Angle Addition Formulae

Level 1 - Math I (Physics) topic page in Trigonometry.

Angle Addition Formulas

These formulas express trigonometric functions of sums and differences of angles in terms of functions of the individual angles.

Sine sum

\[\sin(A + B) = \sin A \cos B + \cos A \sin B\]

Sine difference

\[\sin(A - B) = \sin A \cos B - \cos A \sin B\]

Cosine sum

\[\cos(A + B) = \cos A \cos B - \sin A \sin B\]

Cosine difference

\[\cos(A - B) = \cos A \cos B + \sin A \sin B\]

Tangent sum

\[\tan(A + B) = \frac{\tan A + \tan B}{1 - \tan A \tan B}\]

Tangent difference

\[\tan(A - B) = \frac{\tan A - \tan B}{1 + \tan A \tan B}\]

Setting \(B = A\) in the sum formulas gives the double angle formulas:

Sine double

\[\sin(2A) = 2\sin A \cos A\]

Cosine double

\[\cos(2A) = \cos^2 A - \sin^2 A = 2\cos^2 A - 1 = 1 - 2\sin^2 A\]

Tangent double

\[\tan(2A) = \frac{2\tan A}{1 - \tan^2 A}\]

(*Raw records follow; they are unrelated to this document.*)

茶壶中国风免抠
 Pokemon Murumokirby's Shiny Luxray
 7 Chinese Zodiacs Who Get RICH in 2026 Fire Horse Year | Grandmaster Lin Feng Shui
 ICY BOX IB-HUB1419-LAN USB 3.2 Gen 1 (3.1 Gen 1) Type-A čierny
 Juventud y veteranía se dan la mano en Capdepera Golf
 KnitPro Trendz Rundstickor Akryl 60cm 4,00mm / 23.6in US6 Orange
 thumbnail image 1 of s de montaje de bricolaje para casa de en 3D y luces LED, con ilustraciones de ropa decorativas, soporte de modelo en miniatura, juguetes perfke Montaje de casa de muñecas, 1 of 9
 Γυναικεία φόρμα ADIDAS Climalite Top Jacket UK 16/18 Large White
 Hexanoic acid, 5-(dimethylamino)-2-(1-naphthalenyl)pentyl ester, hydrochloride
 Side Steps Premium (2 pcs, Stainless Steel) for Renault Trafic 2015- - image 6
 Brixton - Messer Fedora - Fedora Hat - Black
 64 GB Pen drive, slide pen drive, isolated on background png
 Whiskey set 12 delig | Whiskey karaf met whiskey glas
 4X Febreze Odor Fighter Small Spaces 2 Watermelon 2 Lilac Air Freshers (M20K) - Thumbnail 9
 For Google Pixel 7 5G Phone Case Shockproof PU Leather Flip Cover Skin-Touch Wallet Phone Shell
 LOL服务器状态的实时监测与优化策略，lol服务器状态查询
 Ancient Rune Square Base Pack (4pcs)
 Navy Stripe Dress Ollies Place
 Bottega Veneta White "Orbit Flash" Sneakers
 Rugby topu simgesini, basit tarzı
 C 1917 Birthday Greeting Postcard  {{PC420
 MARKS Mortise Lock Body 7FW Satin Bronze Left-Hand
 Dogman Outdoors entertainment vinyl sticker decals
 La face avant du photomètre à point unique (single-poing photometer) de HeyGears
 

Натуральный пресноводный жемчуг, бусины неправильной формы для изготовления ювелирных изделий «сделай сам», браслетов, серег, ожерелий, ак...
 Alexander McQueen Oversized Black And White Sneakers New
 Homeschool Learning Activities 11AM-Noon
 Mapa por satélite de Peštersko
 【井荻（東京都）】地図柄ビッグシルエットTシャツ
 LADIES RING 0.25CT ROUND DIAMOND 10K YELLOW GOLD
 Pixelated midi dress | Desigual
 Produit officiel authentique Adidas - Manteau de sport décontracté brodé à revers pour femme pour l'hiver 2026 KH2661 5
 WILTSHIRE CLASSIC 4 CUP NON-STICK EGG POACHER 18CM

Derived from the double angle formulas:

Sine half

\[\sin\left(\frac{A}{2}\right) = \pm\sqrt{\frac{1 - \cos A}{2}}\]

Cosine half

\[\cos\left(\frac{A}{2}\right) = \pm\sqrt{\frac{1 + \cos A}{2}}\]

Tangent half

\[\tan\left(\frac{A}{2}\right) = \pm\sqrt{\frac{1 - \cos A}{1 + \cos A}} = \frac{\sin A}{1 + \cos A}\]

The \(\pm\) sign depends on the quadrant in which the angle lies.